§ Instructions for the task
Retype only the lines at the head of the records, first through the one with "TF189 - TERRAFIRMA", exactly as written.

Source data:
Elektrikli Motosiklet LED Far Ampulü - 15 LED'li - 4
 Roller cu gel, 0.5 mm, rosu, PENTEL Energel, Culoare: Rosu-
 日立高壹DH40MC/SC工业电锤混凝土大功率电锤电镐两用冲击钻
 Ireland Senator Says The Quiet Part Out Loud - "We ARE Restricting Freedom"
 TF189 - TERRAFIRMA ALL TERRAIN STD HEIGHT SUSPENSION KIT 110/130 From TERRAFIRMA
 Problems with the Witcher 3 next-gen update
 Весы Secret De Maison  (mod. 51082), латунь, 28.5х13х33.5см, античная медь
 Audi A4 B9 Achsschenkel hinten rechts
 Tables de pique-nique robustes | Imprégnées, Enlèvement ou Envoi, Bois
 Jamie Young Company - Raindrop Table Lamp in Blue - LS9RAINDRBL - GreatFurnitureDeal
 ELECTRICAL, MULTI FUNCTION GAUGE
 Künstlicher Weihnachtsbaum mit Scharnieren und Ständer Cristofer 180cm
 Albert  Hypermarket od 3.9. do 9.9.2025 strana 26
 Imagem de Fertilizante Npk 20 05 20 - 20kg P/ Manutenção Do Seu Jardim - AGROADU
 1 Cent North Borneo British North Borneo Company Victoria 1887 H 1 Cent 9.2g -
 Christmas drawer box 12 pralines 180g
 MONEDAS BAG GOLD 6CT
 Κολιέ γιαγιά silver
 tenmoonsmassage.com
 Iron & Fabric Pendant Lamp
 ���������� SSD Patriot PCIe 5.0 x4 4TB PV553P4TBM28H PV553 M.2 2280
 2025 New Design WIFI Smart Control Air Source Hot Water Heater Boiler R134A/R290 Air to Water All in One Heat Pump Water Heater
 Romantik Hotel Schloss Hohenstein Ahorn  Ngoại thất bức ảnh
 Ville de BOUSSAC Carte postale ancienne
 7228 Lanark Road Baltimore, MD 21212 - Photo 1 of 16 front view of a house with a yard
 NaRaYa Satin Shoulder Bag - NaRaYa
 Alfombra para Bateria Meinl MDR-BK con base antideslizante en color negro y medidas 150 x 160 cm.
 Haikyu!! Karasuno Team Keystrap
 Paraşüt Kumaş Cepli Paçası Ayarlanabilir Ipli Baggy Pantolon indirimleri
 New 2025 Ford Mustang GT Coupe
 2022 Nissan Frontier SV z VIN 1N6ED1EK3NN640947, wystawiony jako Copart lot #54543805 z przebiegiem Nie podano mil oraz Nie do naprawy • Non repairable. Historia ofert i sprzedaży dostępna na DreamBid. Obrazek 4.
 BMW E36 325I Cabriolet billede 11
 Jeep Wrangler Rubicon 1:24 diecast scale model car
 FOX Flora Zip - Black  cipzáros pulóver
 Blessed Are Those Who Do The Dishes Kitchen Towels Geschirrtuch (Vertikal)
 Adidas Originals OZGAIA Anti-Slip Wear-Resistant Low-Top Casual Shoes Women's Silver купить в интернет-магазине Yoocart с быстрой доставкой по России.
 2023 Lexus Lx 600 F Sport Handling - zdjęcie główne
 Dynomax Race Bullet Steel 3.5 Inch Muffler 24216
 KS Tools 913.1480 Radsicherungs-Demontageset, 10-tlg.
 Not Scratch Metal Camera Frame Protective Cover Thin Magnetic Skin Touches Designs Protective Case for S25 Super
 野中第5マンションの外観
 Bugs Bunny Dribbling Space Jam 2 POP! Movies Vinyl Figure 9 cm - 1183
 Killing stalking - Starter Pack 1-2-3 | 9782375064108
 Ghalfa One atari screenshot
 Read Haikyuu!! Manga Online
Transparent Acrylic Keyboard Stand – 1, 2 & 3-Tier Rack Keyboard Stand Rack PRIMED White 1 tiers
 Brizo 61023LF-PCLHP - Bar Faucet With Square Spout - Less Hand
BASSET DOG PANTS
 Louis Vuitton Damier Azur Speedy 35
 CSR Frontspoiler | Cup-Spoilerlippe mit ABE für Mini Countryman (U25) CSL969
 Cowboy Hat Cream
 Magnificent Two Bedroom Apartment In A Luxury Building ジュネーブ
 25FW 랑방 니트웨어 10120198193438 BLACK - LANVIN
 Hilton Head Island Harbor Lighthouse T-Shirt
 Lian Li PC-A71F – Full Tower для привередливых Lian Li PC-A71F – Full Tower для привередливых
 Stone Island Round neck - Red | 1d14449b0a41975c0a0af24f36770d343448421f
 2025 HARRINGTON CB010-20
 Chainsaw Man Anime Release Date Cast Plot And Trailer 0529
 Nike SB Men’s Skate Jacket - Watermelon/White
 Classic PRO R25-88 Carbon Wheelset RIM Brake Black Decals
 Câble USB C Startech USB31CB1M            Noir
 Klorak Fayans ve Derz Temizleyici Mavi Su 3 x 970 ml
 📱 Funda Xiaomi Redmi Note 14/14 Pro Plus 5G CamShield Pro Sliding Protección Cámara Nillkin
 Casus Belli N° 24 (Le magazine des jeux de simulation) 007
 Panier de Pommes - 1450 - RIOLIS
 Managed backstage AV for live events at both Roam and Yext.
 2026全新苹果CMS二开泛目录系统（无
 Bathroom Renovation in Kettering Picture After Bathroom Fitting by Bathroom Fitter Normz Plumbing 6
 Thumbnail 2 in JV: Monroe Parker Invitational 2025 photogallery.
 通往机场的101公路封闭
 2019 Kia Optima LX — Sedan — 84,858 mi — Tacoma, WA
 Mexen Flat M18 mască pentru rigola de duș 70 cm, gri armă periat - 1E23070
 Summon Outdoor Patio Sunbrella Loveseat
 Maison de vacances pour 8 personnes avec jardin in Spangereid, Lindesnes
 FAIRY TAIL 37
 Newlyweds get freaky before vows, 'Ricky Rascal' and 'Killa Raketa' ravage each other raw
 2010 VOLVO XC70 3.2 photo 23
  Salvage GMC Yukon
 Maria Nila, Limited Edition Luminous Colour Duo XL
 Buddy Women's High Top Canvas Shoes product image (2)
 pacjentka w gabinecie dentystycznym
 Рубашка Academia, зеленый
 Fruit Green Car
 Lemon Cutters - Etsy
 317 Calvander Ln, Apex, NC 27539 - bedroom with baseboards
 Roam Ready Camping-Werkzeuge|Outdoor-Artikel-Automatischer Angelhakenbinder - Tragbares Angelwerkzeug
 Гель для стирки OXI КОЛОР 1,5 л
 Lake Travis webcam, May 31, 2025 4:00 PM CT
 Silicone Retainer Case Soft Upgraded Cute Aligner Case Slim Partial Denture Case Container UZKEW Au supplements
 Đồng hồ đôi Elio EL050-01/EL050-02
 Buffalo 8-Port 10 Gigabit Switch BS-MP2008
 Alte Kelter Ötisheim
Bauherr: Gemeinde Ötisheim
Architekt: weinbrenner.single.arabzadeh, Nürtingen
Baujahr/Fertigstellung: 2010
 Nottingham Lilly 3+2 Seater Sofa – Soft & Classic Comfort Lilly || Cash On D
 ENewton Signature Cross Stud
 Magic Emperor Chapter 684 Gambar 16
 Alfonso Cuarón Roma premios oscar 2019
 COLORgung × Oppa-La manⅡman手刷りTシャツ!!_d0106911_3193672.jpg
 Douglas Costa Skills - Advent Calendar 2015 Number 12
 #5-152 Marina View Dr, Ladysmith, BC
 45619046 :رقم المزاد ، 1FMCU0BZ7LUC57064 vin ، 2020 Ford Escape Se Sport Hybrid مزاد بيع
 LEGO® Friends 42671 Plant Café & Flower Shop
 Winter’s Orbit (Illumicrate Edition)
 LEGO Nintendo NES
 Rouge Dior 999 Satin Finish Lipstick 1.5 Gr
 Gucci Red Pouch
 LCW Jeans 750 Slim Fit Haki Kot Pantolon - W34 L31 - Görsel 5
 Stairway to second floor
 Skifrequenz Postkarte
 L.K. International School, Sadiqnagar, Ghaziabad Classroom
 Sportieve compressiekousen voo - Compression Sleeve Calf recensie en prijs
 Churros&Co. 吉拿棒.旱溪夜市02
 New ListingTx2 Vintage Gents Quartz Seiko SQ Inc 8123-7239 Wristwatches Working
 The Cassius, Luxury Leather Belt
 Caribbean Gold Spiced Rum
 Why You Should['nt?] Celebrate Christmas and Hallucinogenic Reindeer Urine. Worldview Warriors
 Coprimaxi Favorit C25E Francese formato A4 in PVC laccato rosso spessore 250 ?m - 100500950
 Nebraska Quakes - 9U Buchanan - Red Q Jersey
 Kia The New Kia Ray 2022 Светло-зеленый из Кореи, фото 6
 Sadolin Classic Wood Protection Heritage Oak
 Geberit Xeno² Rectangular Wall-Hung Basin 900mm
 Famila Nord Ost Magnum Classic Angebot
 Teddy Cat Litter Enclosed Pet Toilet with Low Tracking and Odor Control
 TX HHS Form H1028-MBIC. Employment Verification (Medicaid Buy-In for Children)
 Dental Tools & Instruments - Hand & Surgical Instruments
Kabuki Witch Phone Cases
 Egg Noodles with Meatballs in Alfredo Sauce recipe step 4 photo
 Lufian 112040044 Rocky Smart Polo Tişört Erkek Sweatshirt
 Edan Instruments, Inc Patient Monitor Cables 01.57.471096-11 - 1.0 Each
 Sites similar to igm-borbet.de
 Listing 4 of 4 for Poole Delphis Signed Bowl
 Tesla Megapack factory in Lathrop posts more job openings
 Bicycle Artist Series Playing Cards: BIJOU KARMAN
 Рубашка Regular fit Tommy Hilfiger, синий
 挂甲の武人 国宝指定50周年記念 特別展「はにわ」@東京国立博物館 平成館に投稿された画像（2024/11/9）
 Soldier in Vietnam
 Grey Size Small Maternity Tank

§ Result of this exercise
Elektrikli Motosiklet LED Far Ampulü - 15 LED'li - 4
 Roller cu gel, 0.5 mm, rosu, PENTEL Energel, Culoare: Rosu-
 日立高壹DH40MC/SC工业电锤混凝土大功率电锤电镐两用冲击钻
 Ireland Senator Says The Quiet Part Out Loud - "We ARE Restricting Freedom"
 TF189 - TERRAFIRMA ALL TERRAIN STD HEIGHT SUSPENSION KIT 110/130 From TERRAFIRMA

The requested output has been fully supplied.